**Prompt**
Where the records below reach the line containing "1972 - Dick", start transcribing, and end with the line containing "I5 8600k + Asrock Fatal1ty Z370 Gaming K6", exactly and with nothing else added.

**Provided records**
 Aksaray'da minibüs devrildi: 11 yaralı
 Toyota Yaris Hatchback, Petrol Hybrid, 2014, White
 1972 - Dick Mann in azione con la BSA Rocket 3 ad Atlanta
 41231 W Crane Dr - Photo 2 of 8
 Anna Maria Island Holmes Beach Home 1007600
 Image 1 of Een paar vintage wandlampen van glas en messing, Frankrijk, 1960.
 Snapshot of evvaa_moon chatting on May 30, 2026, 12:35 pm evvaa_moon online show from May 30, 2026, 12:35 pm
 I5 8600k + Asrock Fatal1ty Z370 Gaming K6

---

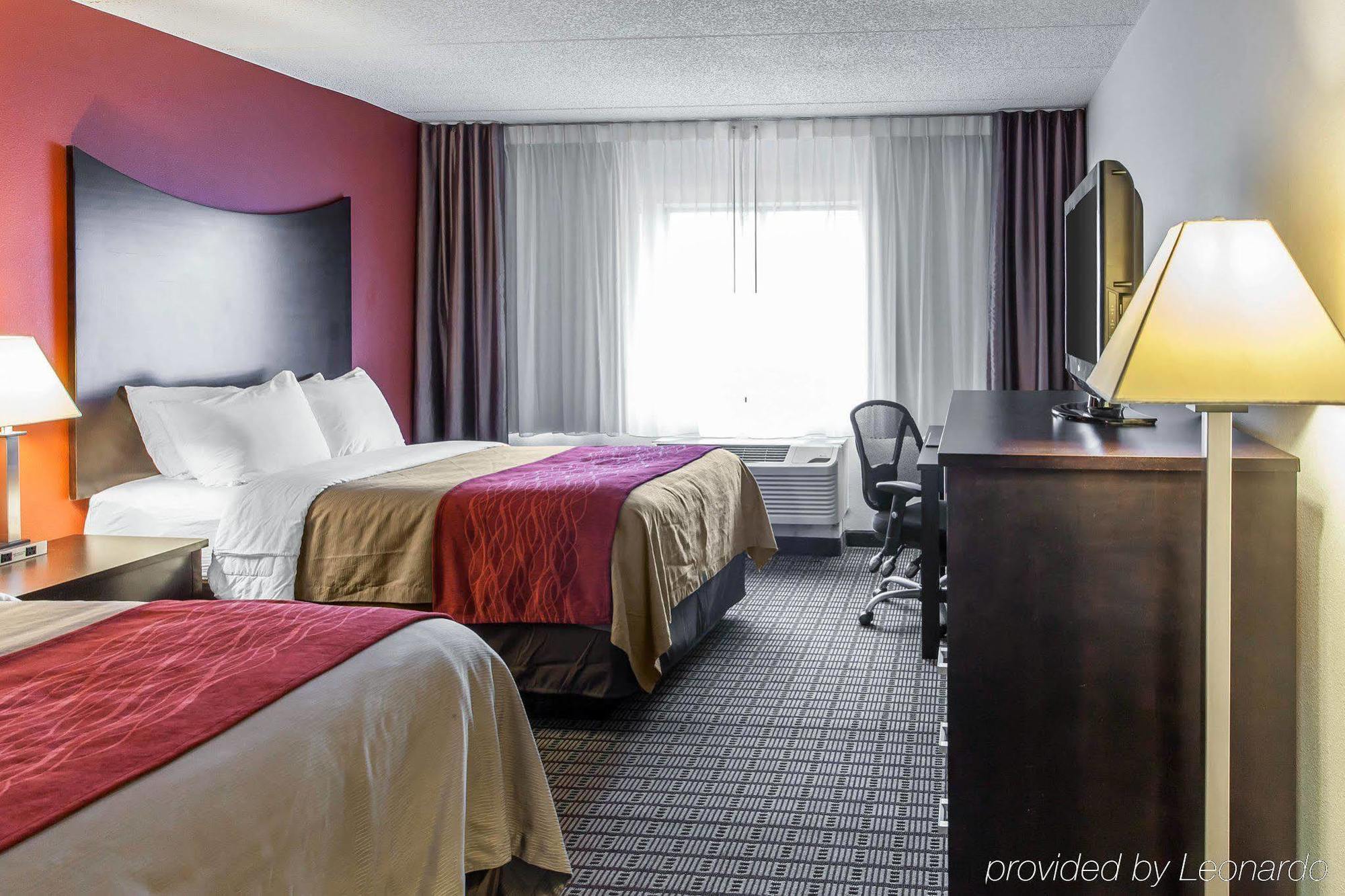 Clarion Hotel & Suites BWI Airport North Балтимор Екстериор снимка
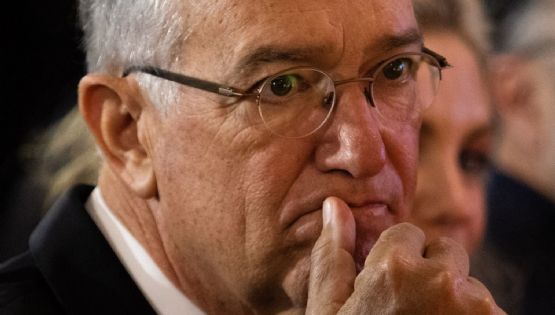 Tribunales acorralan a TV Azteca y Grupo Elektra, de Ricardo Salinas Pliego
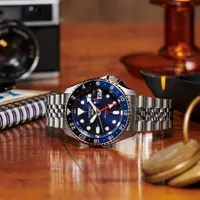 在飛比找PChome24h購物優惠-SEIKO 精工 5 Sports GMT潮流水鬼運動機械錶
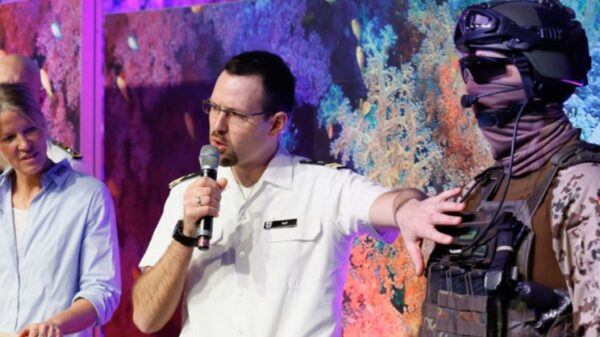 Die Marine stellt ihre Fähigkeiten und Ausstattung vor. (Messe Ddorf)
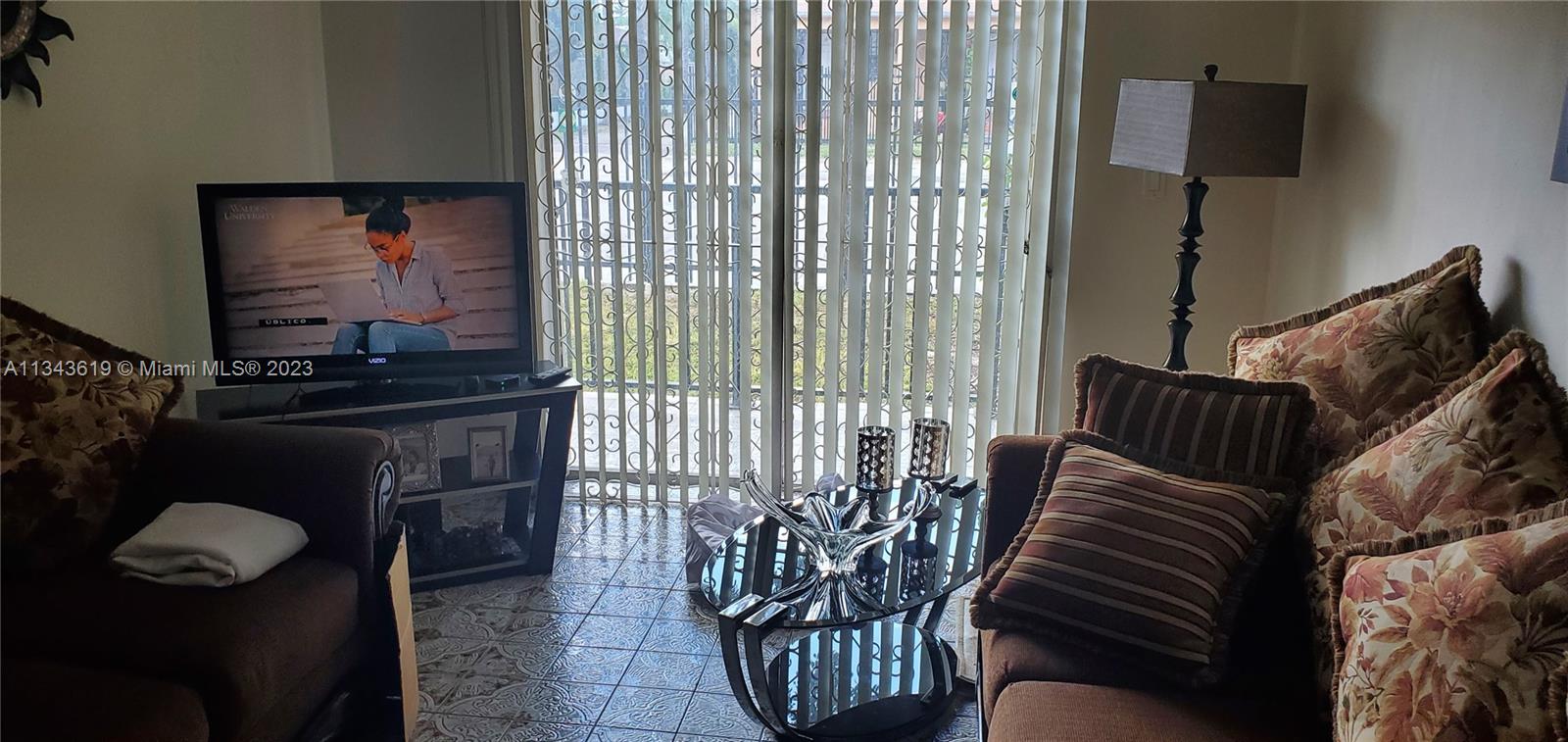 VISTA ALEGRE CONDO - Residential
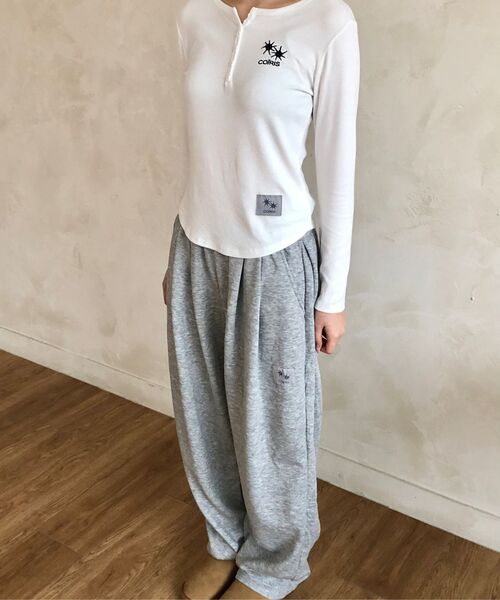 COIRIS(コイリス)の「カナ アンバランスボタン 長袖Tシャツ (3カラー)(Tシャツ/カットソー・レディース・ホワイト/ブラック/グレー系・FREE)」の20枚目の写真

**Output for this task**
 1972 - Dick Mann in azione con la BSA Rocket 3 ad Atlanta
 41231 W Crane Dr - Photo 2 of 8
 Anna Maria Island Holmes Beach Home 1007600
 Image 1 of Een paar vintage wandlampen van glas en messing, Frankrijk, 1960.
 Snapshot of evvaa_moon chatting on May 30, 2026, 12:35 pm evvaa_moon online show from May 30, 2026, 12:35 pm
 I5 8600k + Asrock Fatal1ty Z370 Gaming K6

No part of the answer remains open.